Below are descriptions of the different types of common kitchen knives, as well as things to keep in mind when purchasing knives:

Chef’s Knife

Ask any professional chef if they were stranded on a desert island and could only bring one kitchen tool, and they’d probably pick a chef’s knife. While other kitchen knives, like serrated knives and butcher knives, have more individualized uses, a good chef’s knife can do it all, from slicing and dicing to more complicated tasks, like carving a chicken and cutting a pineapple.

They are typically available in 6”, 8”, 10” and 12” inch lengths.
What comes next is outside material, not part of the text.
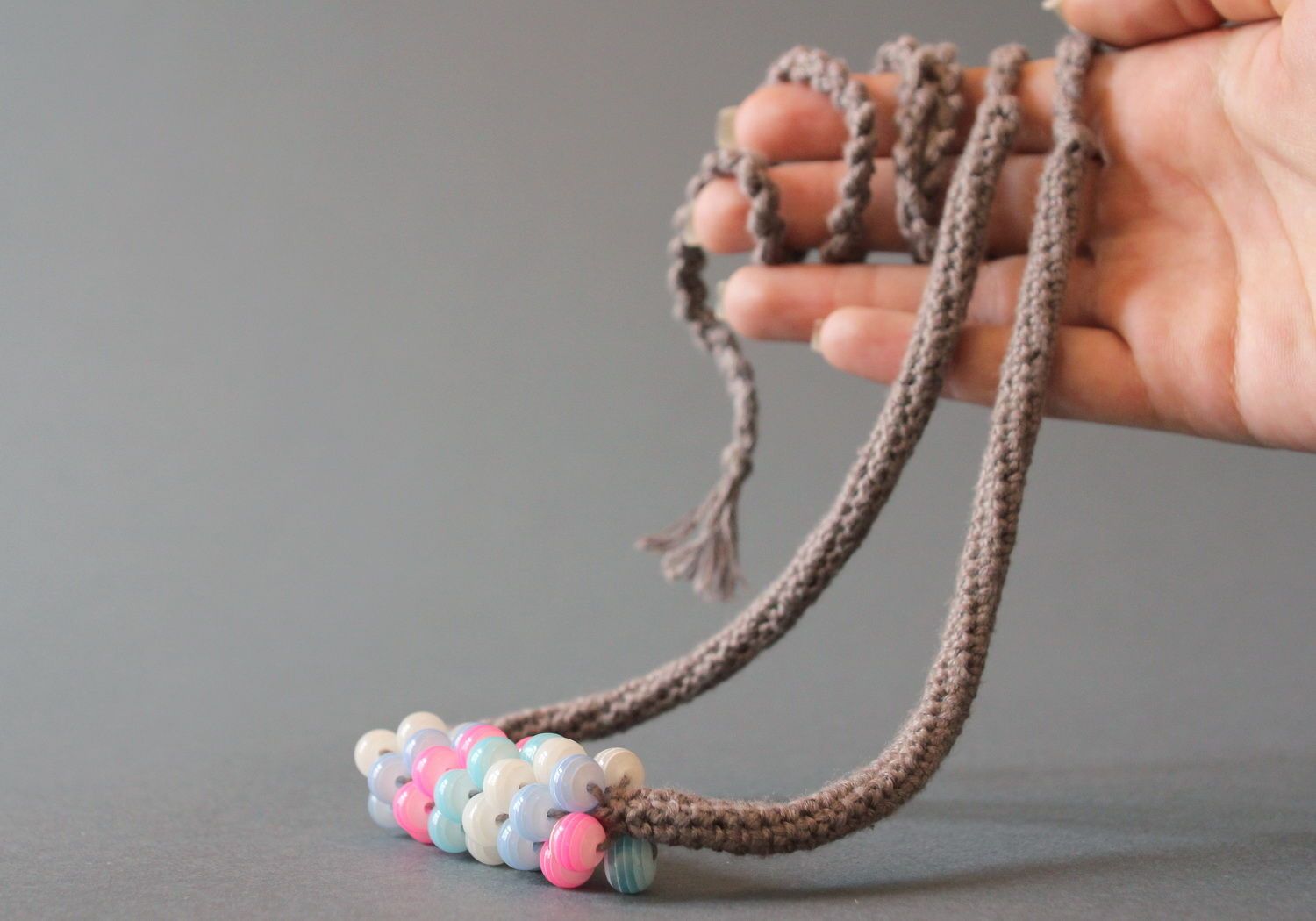 Bead necklace-braided strap, acrylic photo 4
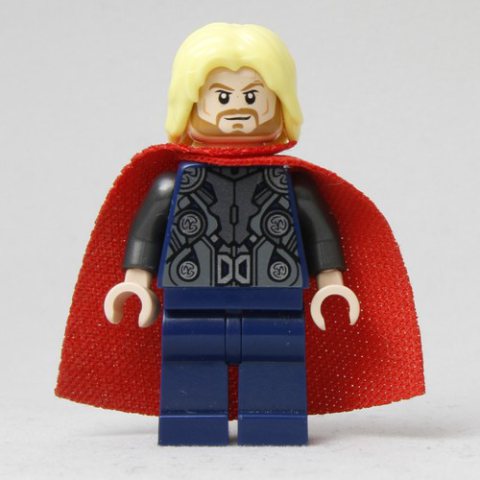 Minifigurka LEGO Thor with Plain Dark Blue Legs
The length you choose will depend upon the weight and size of knife you prefer.

Serrated Knife

Serrated knives, with their scalloped, tooth-like edge, are ideal for cutting through foods with a hard exterior and softer interior, such as a loaf of crusty bread.
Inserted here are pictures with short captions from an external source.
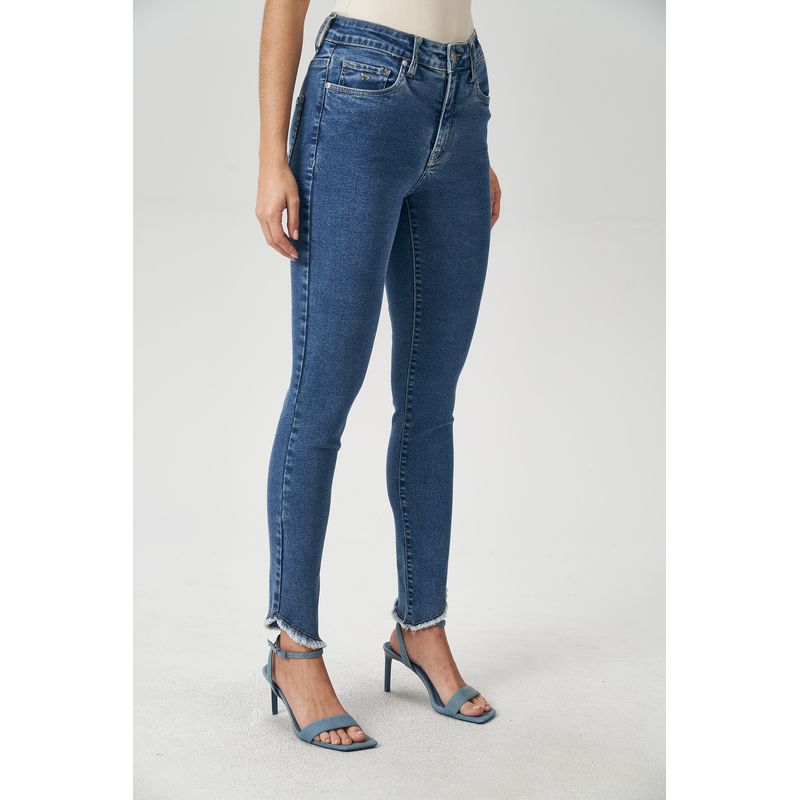 Calca-Jeans-Skinny-Barra-Desfiada-Feminina-Acostamento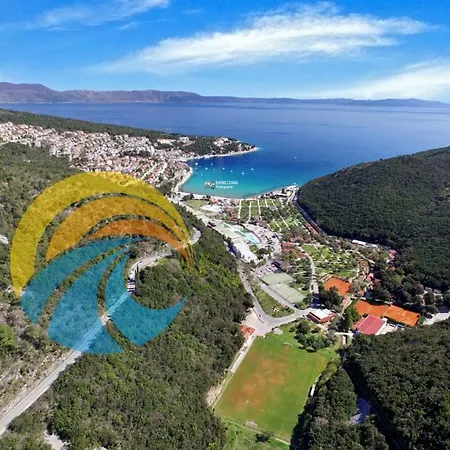 Διαμέρισμα Zeljko 832 *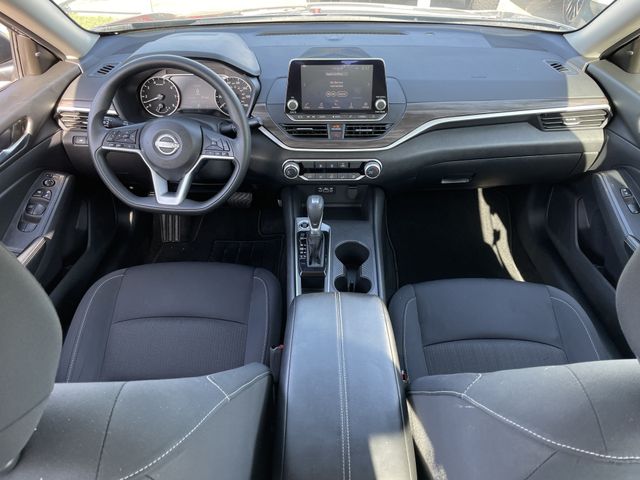2025 Nissan Altima SV - Photo 9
The blade of a serrated knife is normally 5”-10” in length. Due to their irregular edge, serrated blades are typically sharpened by a professional sharpening service.

Paring Knife

The CLASSIC Paring Knife is the second most important knife to have in the kitchen. A small knife with a 3” to 4” inch long blade. It works well for delicate tasks, and for peeling and coring foods, such as apples. The blade is typically thin and narrow. And tapers to a point at the tip of the knife.

Utility Knife

Longer than a paring knife, but shorter than a chef’s knife, the utility knife is a solid all-rounder in the kitchen. Available in both a serrated and straight blade style, they are sometimes referred to as “sandwich knives”.
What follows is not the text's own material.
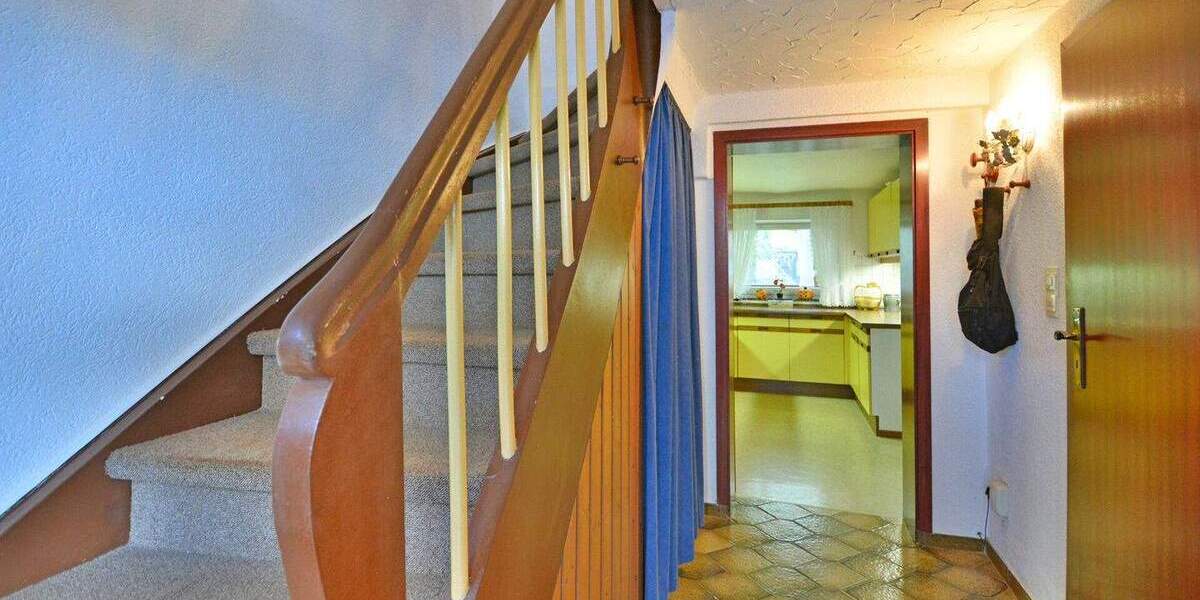 Doppelhaushälfte Kassel Bettenhausen - 4 Zimmer, 107 m&sup2;, 240.000&euro; | Angebot:24720722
A small light weight knife with a 4” to 7” inch long blade. It is used for many of the same tasks as a paring knife, plus miscellaneous light cutting tasks, such as fruits and vegetables and slicing sandwiches.

Carving Knife

Carving knives are more similar to a chef knife in the construction sense. The knife has the overall same construction but the blade is usually longer.

A knife with an 8” to 15” inch blade, used for carving large roasts, poultry, and filleting large fish. The blade edge of a carving knife is either smooth or sometimes beveled.

Boning Knife

A boning knife is a type of kitchen knife with a sharp point and a narrow blade. It is used in food preparation for removing the bones of poultry, meat, and fish.

It comes with a with a thin, short blade, normally 5” or 6” inches long, used to remove the main bone within a cut of meat, such as ham or a beef roast.

Filet Knife

A knife with a thin, flexible blade, normally 6” to 11” inches long, used for filleting fish. The narrow blade enables the knife to cleanly move along the backbones of the fish, in and around areas adjacent to bones, and to evenly slice along the skin, removing it easily from the flesh.


A knife with a wide, ridge blade approximately 6” inches in length, which tapers to a sharp cutting edge. It is used to chop, shred, pound, or crush food ingredients.

So there you have it, a quick round-up of the different types of kitchen knives. Which of these knives are in your kitchen?